Predictably, Hiccup flees before his father’s reactionary securitization scheme can be realized, surrendering himself to the dragon-catcher Eret (Kit Harington), who espouses as pessimistic neo-Marxist worldview based on systems, economic interests, and the incontestable power of elites. Shortly thereafter, Hiccup is reunited with his mother, Valka (Cate Blanchett), thought dead for 20 years, discovering that she is a dragon-master in her own right. She informs her son that she had championed the cause of the dragons against the phobic hatred of her fellow Vikings, and when confronted with the choice of killing a dragon to save her infant son (Hiccup), she chose instead to reject violence and joined a sort of dragon commune far from the realm of human conflict. In classic feminist IR fashion, she eschews both the (interstate) behaviour of warring factions and the biological differences of this ‘queer’ species of highly intelligent reptiles. Her abdication of her ‘motherly duties’ in support of dragon-kind seems not to have weighed on her at all, though she eventually does ask Hiccup to ‘begin again’ once she sees in him a kindred spirit (drawn in stark opposition to her memory of her husband’s dragon-slaying über-masculinity). However, she will not countenance ‘negotiations’ with Bludvist, thus situating the (American-voiced) protagonist Hiccup in an isolated position of idealism, trapped between a realist and a feminist (both voiced by non-American, but Anglophone actors).
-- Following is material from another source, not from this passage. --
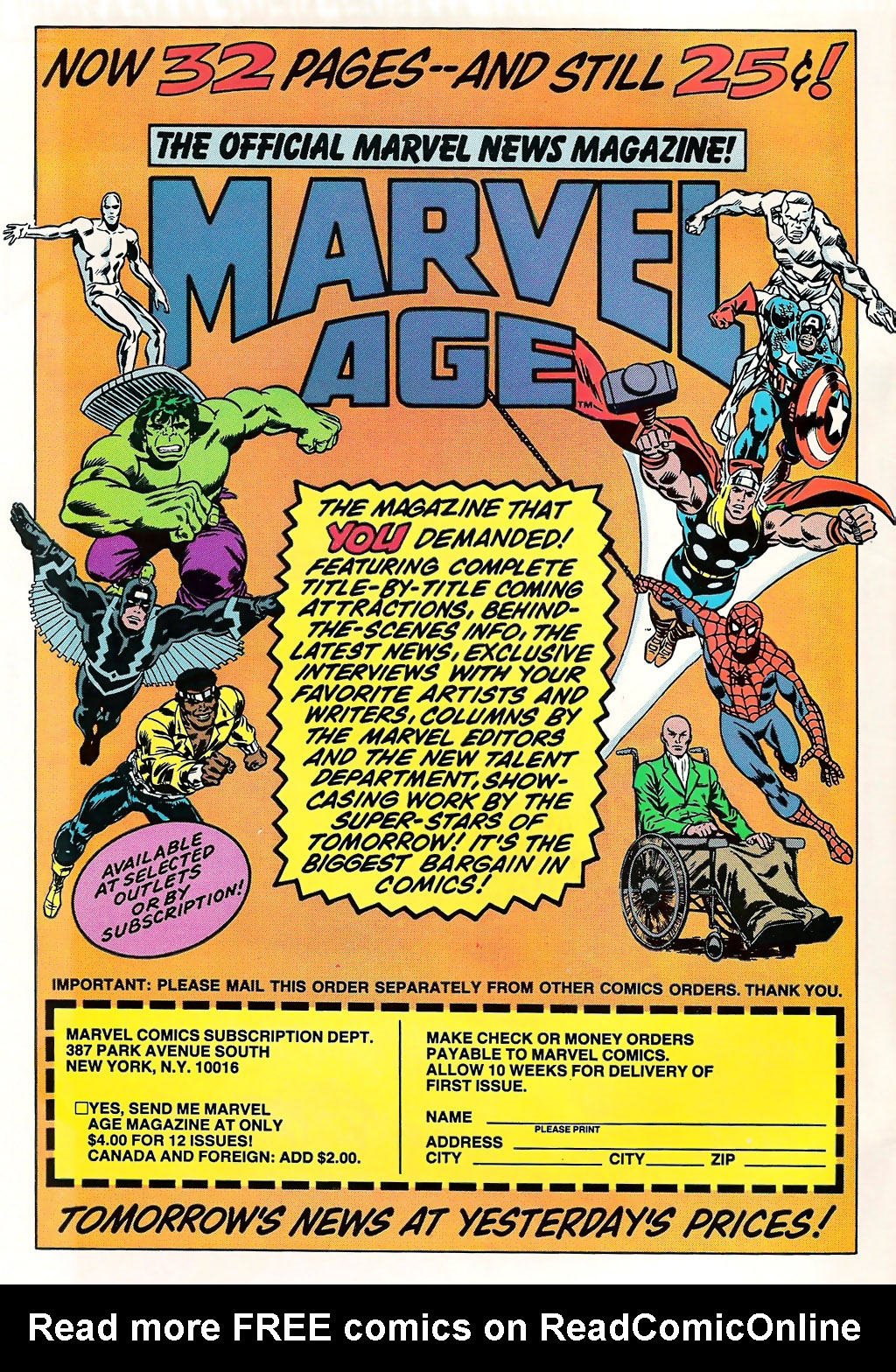 Read online Marvel Age comic -  Issue #13 - 2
Eventually, we meet (the West African-voiced) Drago, who eerily resembles a dreadlocked Muammar Qaddafi. He is the first person of colour to be introduced in the film series, thus insouciantly producing an East-West distortion of the narrative. In classical Orientalist fashion, Bludvist wears animal skins, abuses his toadies, and has unexplained magical powers: he has tamed a gargantuan ‘Bewilderbeast’ that can manipulate other dragons through mind control (thus blending the hoary fear of totalitarianism with the dangerous ‘Eastern mastermind’). Following a scene in which Toothless is mentally enslaved by the forces of evil, Hiccup is transformed into an avenging liberal, protecting ‘his people’ from the forces of blind destruction. Faced with challenges from all sides, the ‘negotiator-in-chief’ Hiccup transforms into an idealist warrior-king, returning his land to peace and prosperity so dragons and humans can again live side-by-side. What could be more American than that (particularly given the puissant metaphor of the dragon-as-nuclear-weapon)?
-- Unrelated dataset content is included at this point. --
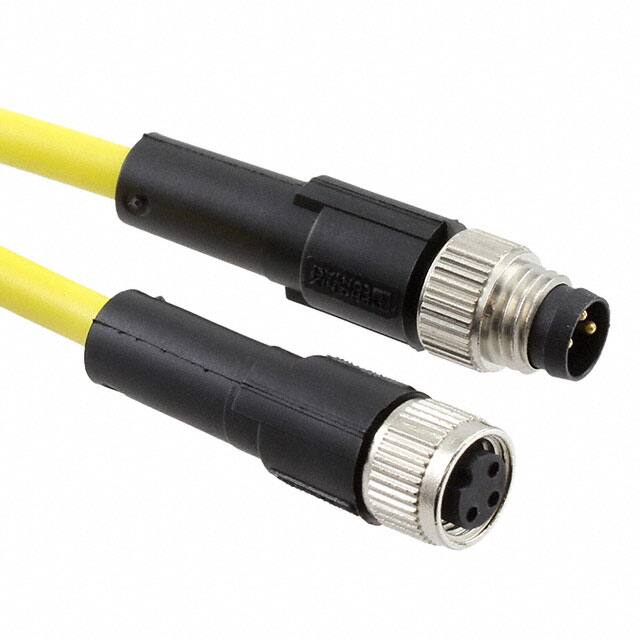 1406272 CBL 3POS MALE TO FMALE 1.64'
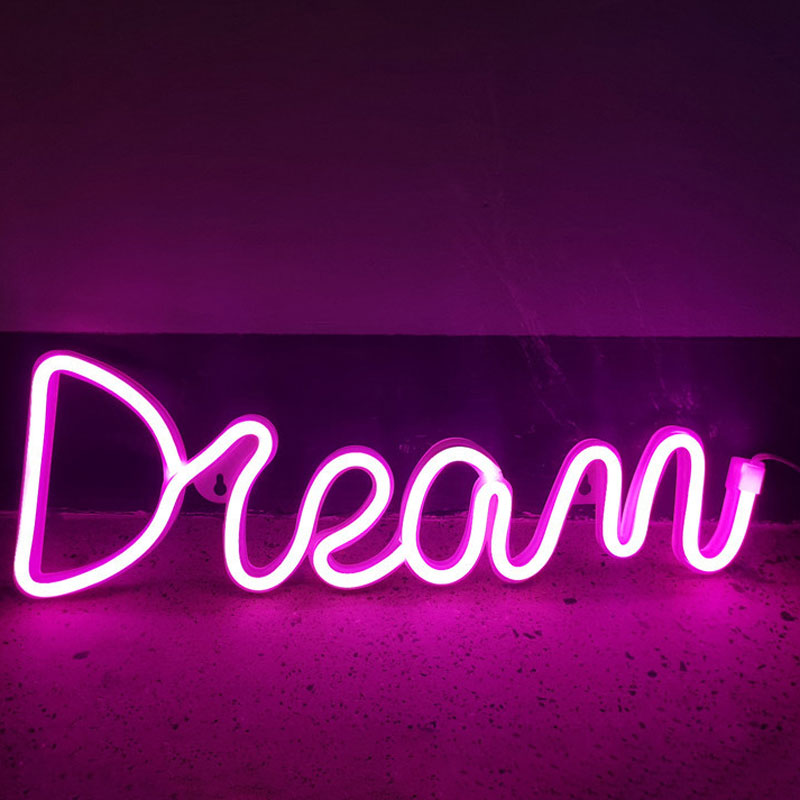 LED Night Light Dream Neon Sign LED Night Light Dream Neon Sign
While this analysis may smack of an ‘over-reading’ of a rather innocent text, I would argue that animated films, particularly Disney and Pixar movies, have a long history of trading in subtle political messaging. If one thus accepts that popular culture is politics then what should we take away from HTTYD-2? At the very least that Hollywood—at nearly every turn—seeks to reinforce the notion of American military might as a force for good in the world, even when things get ugly. Whether it involves a sniper’s rifle or a dragon’s fireball, American power is righteous, honourable, and final.